Let's estimate how feasible it would be to be photosynthesis-powered.
Our bodies consume about 2000 food calories / day, or 100 watts.
Sunlight energy arrives at the Earth's orbit at a rate of about 1366 watts/m
2. So at perfect efficiency, we'd need a little more than a square foot of collector to be completely solar-powered. Current
photovoltaics technology is at about 15% efficiency, and one would need about a square meter. However, they produce electricity and they don't assemble food molecules, which would produce further inefficiency.

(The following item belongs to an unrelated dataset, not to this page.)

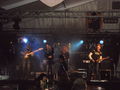 Vorsingen bei der Band " GROOVE4YOU& 63748810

Photosynthesis more-or-less works like a photovoltaic cell coupled to an electrolytic cell. The photovoltaic-cell part is the antenna complexes, where the chlorphyll molecules live. The electrolytic-cell part is an elaborate electron-transfer apparatus that transfers electrons from water molecules from biomolecules. When they are stripped from the water molecules, they become oxygen molecules and hydrogen ions. Electrons transferred to biomolecules pluck hydrogen ions out of the surrounding water.
From
Photosynthetic efficiency, this process has only 5% efficiency in converting sunlight energy to biomolecule chemical energy. Thus, we'd need about 3 square meters of area, or 5.5 ft by 5.5 ft.
Photosynthesis saturates at about 100 watts/m
2 of sunlight, making it only about 10% efficient at midday.
This means that we'd need an area of about 6 m * 6 m or 20 ft * 20 ft.
So being photosynthesis-powered won't work.